Given data:
************

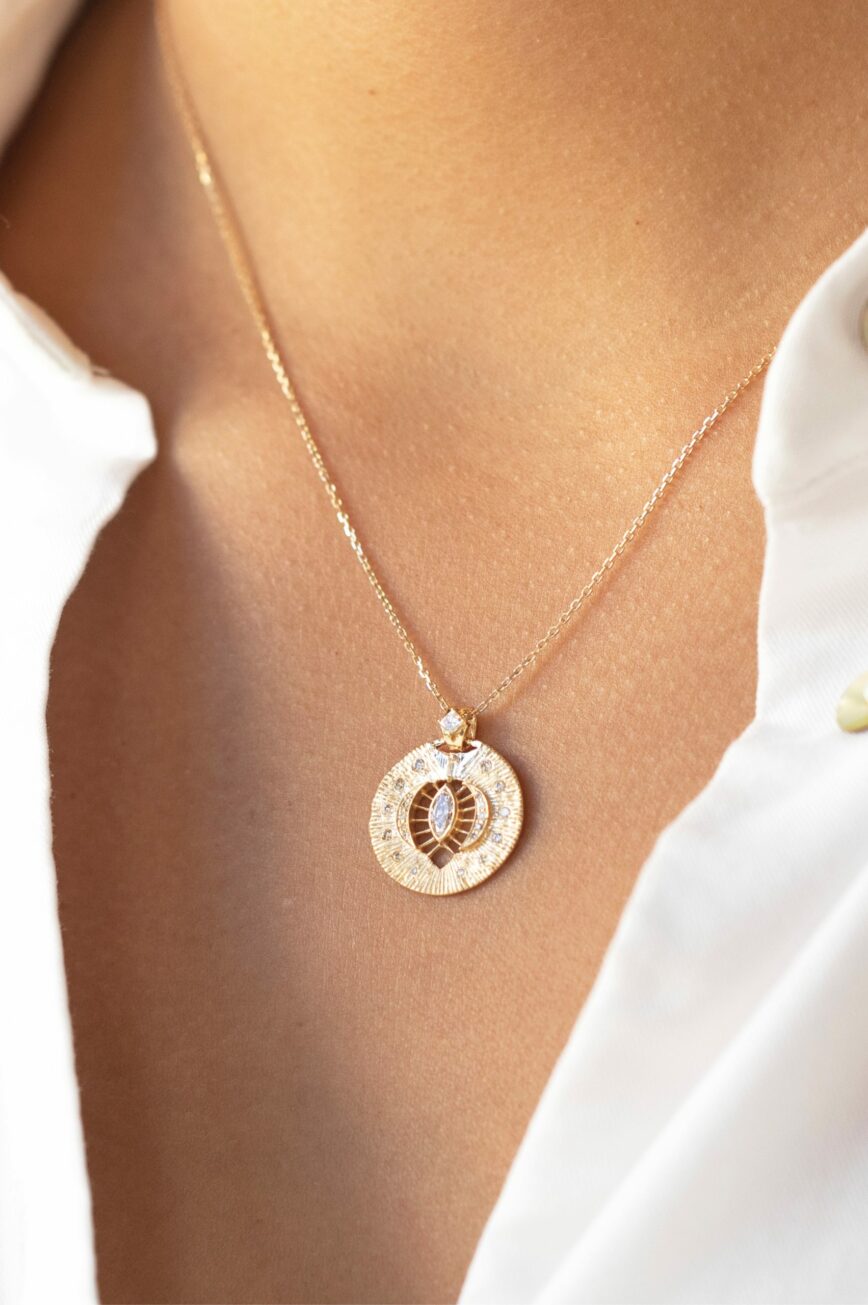 Yellow gold necklace round engraved disc pendant marquise diamond eye motif Celine Daoust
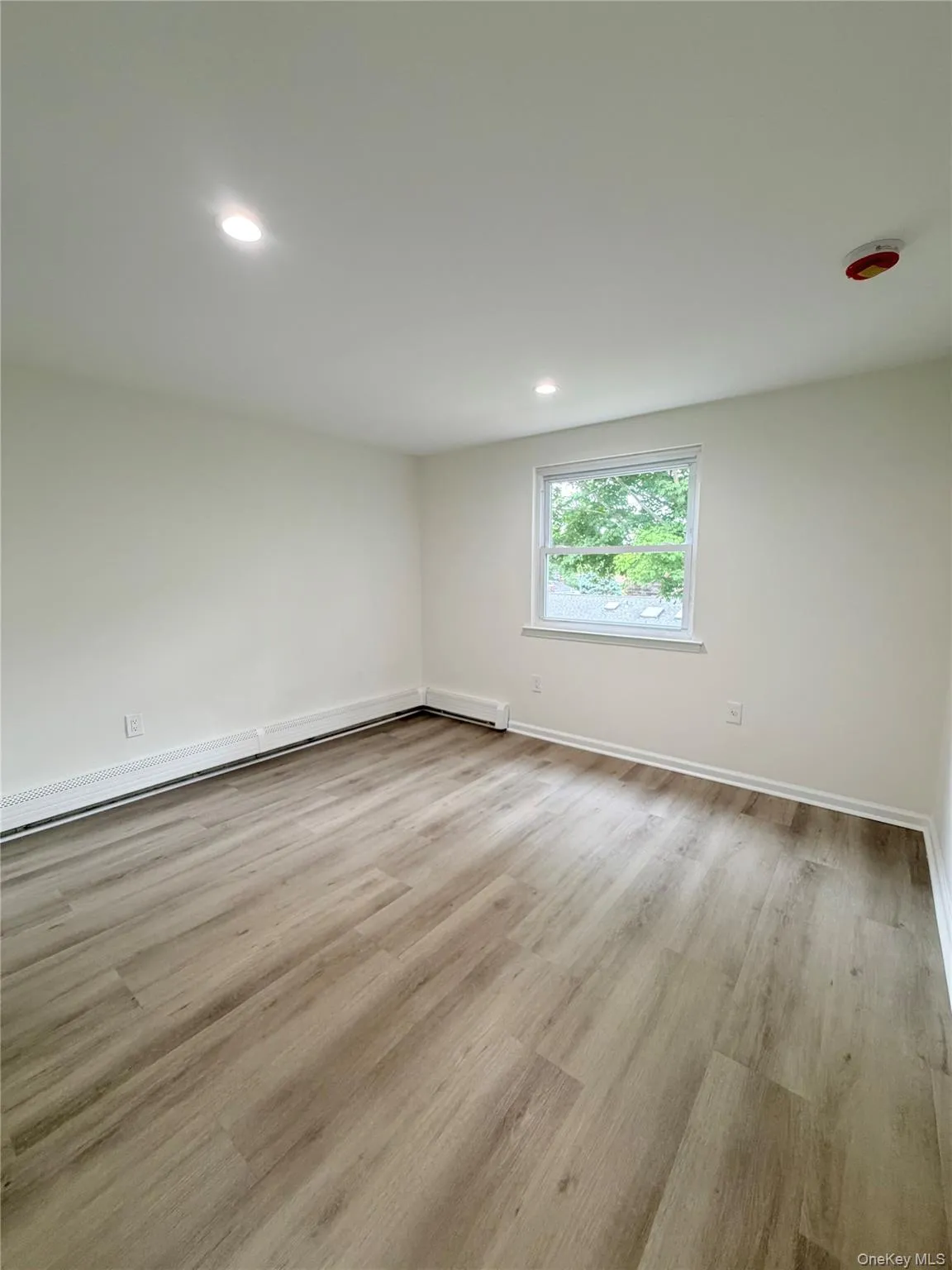 Spacious 2nd bedroom with closet space. Spacious 2nd bedroom with closet space.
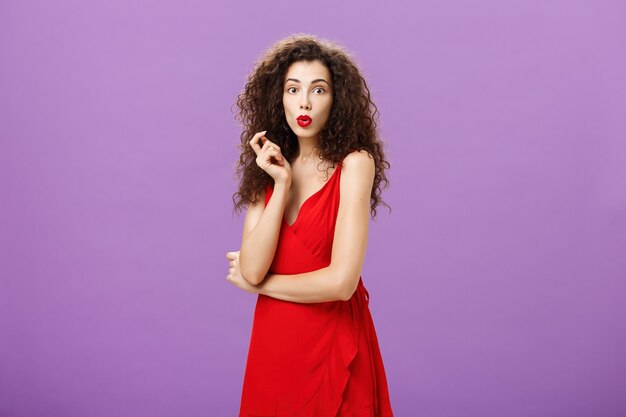 Intrigada chaming senhora elegante com penteado encaracolado em vestido vermelho e batom dobrando os lábios curiosamente ...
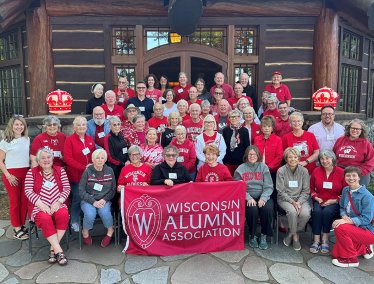 A large group of alumni wearing red and white Wisconsin apparel pose for a photo in front of a rustic log building while holding a red Wisconsin Alumni Association banner.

************

Work order:
Retype the material in full, exactly as written, and exclude the pictures.

Answer to the problem:
 Yellow gold necklace round engraved disc pendant marquise diamond eye motif Celine Daoust
 Spacious 2nd bedroom with closet space. Spacious 2nd bedroom with closet space.
 Intrigada chaming senhora elegante com penteado encaracolado em vestido vermelho e batom dobrando os lábios curiosamente ...
 A large group of alumni wearing red and white Wisconsin apparel pose for a photo in front of a rustic log building while holding a red Wisconsin Alumni Association banner.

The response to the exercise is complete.